Top of Dataset extract
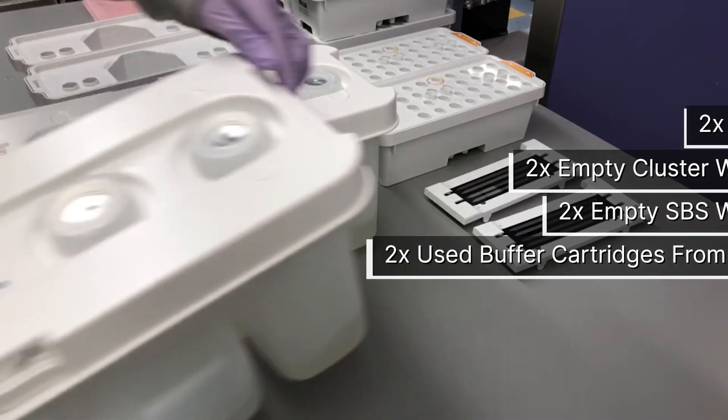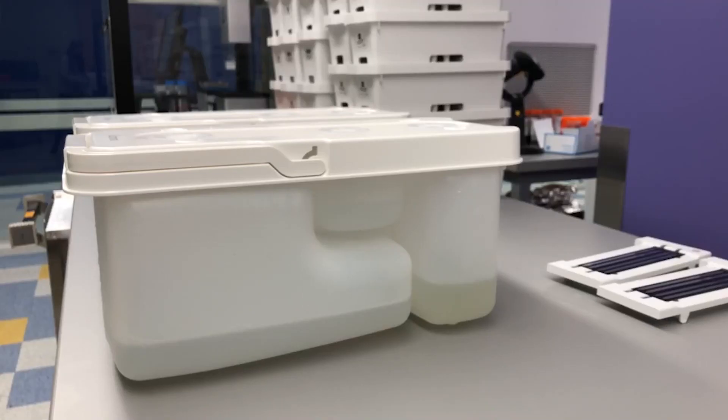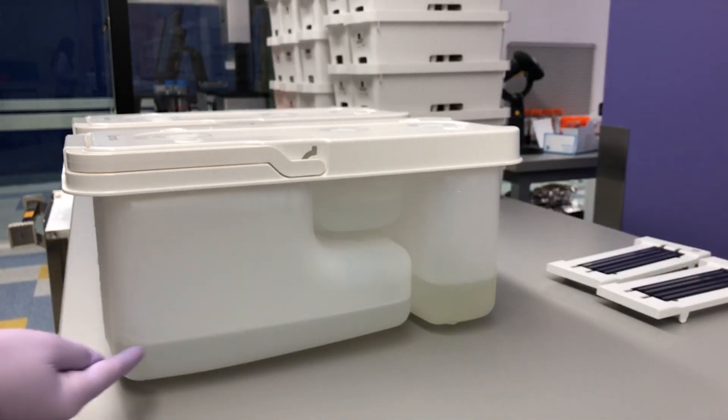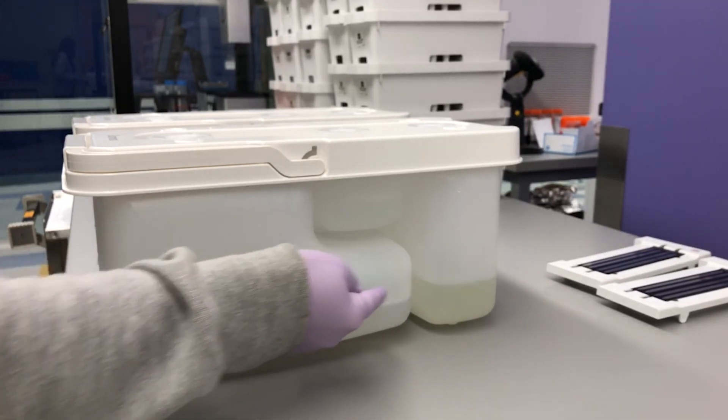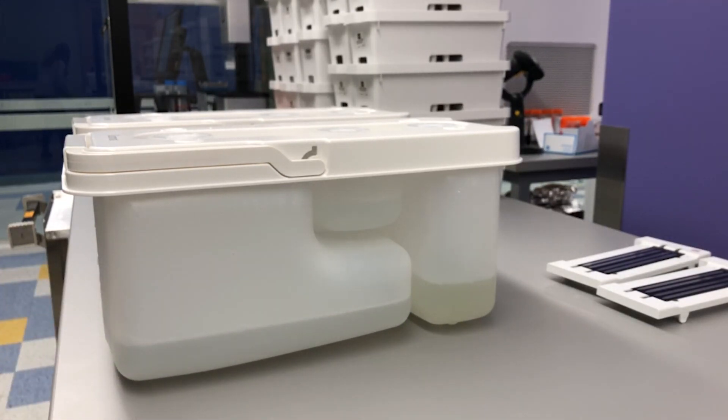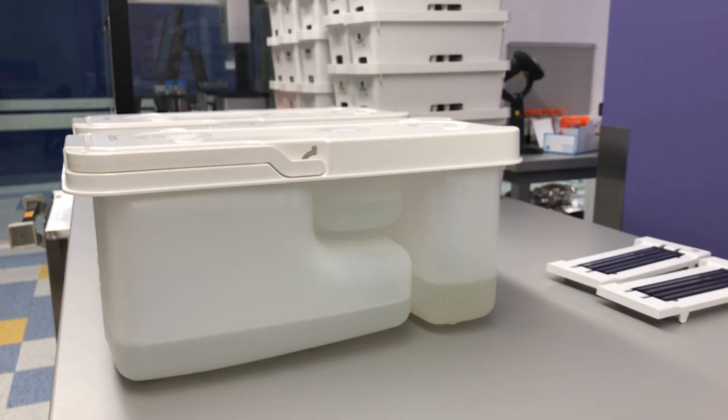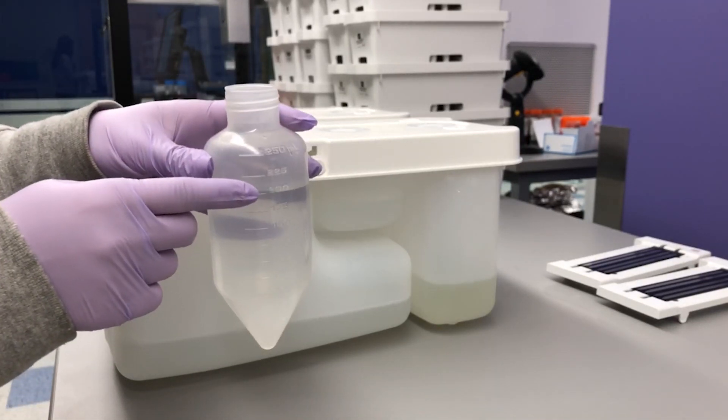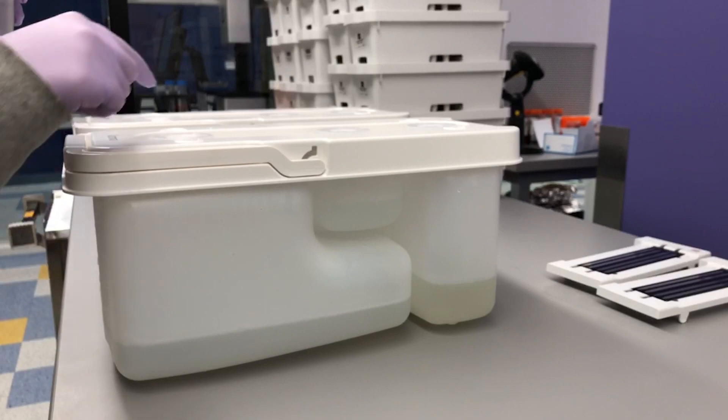Confirm that at least 200 milliliters of BB-3 buffer is present in the VB-2 position of the buffer cartridges. The VB-2 position is the largest compartment of the buffer cartridge. Otherwise, add 200 milliliters of DI water in the large compartment.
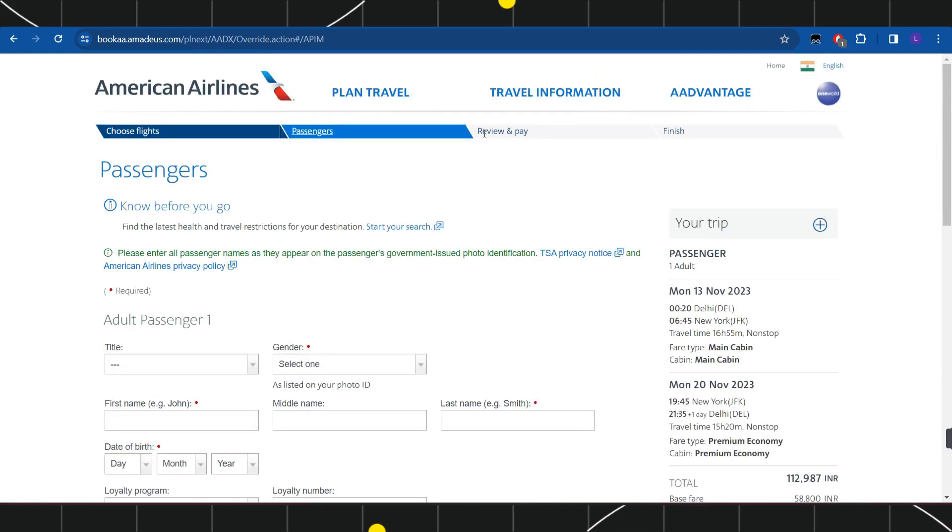On the next page, you are going to see all of the details that you need to review. After that, you just have to make the payment, and as soon as you make the payment, you are going to see the receipt in your account. This way, you would be able to easily book a flight on American Airlines.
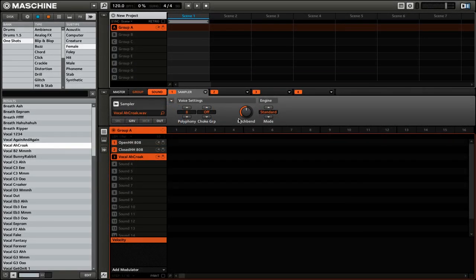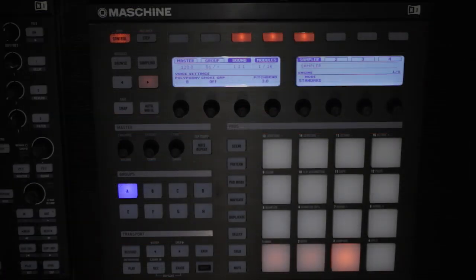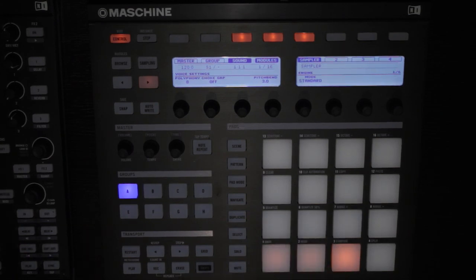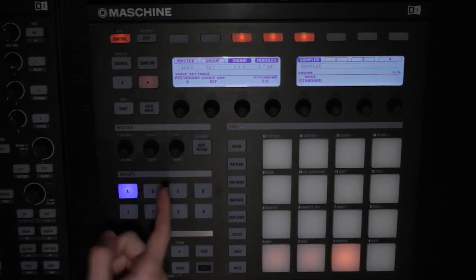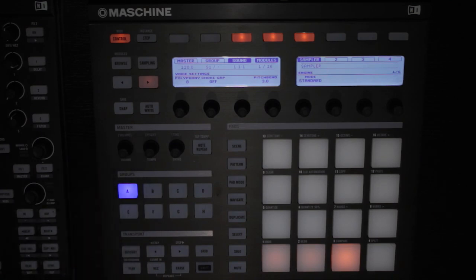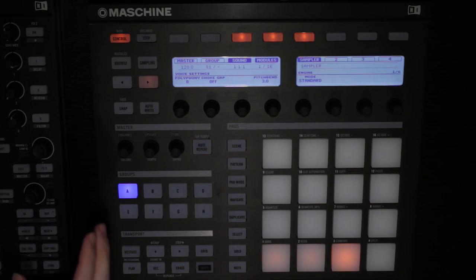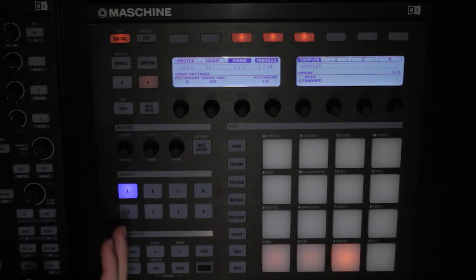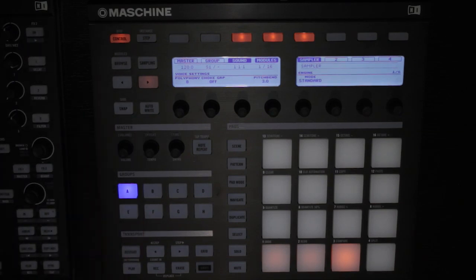In Maschine, you can assign multiple sounds to a choke group, and then they will cancel each other out when they're played. So let's start by first assigning some choke groups to our sounds. We're going to select our first sound, then make sure that you are on the sound section, because we're going to be adjusting the choke group for a single sound. Then you're going to want to be on modules, and finally you want to have the sampler selected.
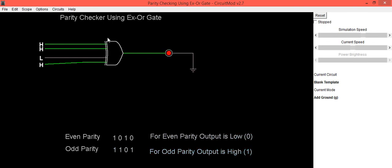In this way, you can use XOR gate for parity checking. Whether your information consists of even number of 1s or odd number of 1s. Thank you.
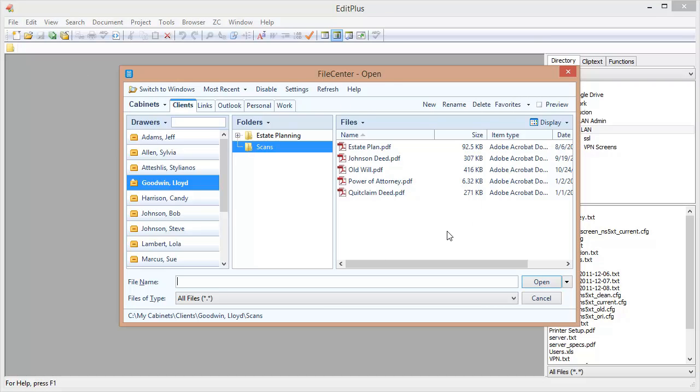So I've now turned on FileCentre's save and open integration for this program and you ought to run a couple of tests. By and large FileCentre's dialogs can work with just about any program but occasionally there may be a little quirks and so you want to make sure that it's working properly before you start saving files that are critical.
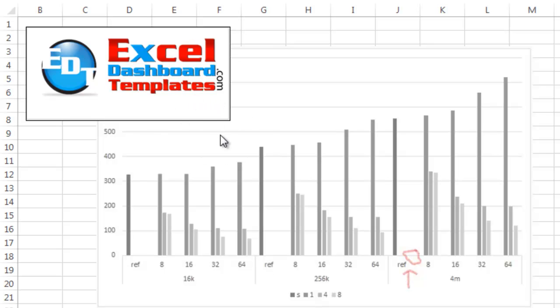Alright, today we had an Excel user who asked this question for a specific set of data. They wanted to know if they could remove the white space from a clustered column chart.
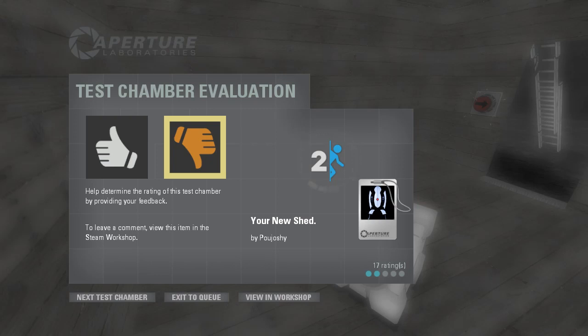I mean, I'm glad you're learning Hammer, but this isn't the sort of thing you publish in the Steam Workshop. Anyway, as always, thank you for watching. I really appreciate it, and I'll see you all in another video. Goodbye!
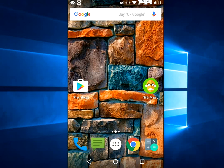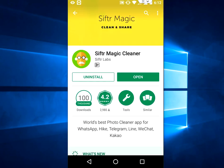WhatsApp is a hotbed of junk and unwanted pictures or media files. There is no built-in option in WhatsApp to filter junk files or unwanted images, but using a simple app from the Google Play Store, you can easily remove all junk photos from WhatsApp.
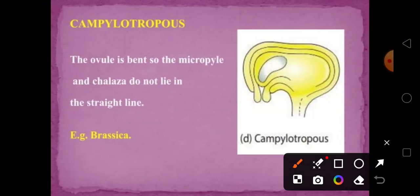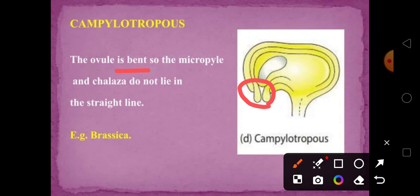The third type is camphylotropus. Here the ovule is bent so that the micropyle and chalaza do not lie in a straight line.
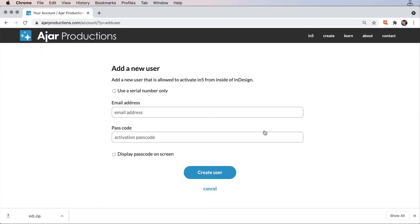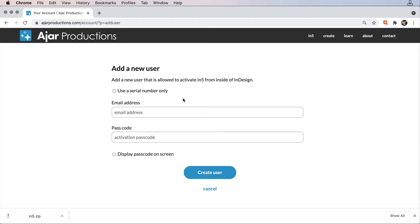From here I'll go ahead and set up an email address and a passcode. I could also choose use the serial number only, and in that case we would enter the serial number inside the activation screen in InDesign. But here I would enter a new email address and a new passcode and create that user.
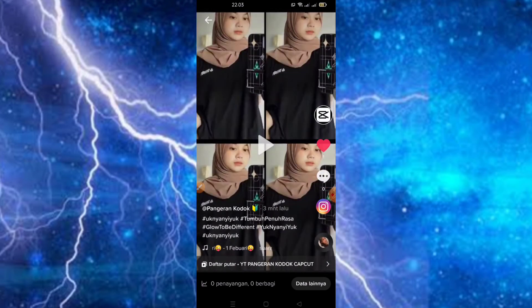Cukup mudah buat editing di aplikasi CapCut yang menggunakan template dan tanpa watermark. Semoga bermanfaat. Jangan lupa klik tombol subscribe dan aktifkan lonceng notifikasinya agar teman-teman mendapatkan pemberitahuan terbaru dari channel ini. Selamat malam, selamat beristirahat, dan wassalamualaikum warahmatullahi wabarakatuh.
Bottom of Dataset extract
▶ **Your instructions**
Exact copy, pictures excluded: every line above from the one containing "In Maschine, you" to the one containing "I mean, I'm", inclusive, and nothing more.

▶ **Response to this exercise**
In Maschine, you can assign multiple sounds to a choke group, and then they will cancel each other out when they're played. So let's start by first assigning some choke groups to our sounds. We're going to select our first sound, then make sure that you are on the sound section, because we're going to be adjusting the choke group for a single sound. Then you're going to want to be on modules, and finally you want to have the sampler selected.
In this way, you can use XOR gate for parity checking. Whether your information consists of even number of 1s or odd number of 1s. Thank you.
So I've now turned on FileCentre's save and open integration for this program and you ought to run a couple of tests. By and large FileCentre's dialogs can work with just about any program but occasionally there may be a little quirks and so you want to make sure that it's working properly before you start saving files that are critical.
Alright, today we had an Excel user who asked this question for a specific set of data. They wanted to know if they could remove the white space from a clustered column chart.
I mean, I'm glad you're learning Hammer, but this isn't the sort of thing you publish in the Steam Workshop. Anyway, as always, thank you for watching. I really appreciate it, and I'll see you all in another video. Goodbye!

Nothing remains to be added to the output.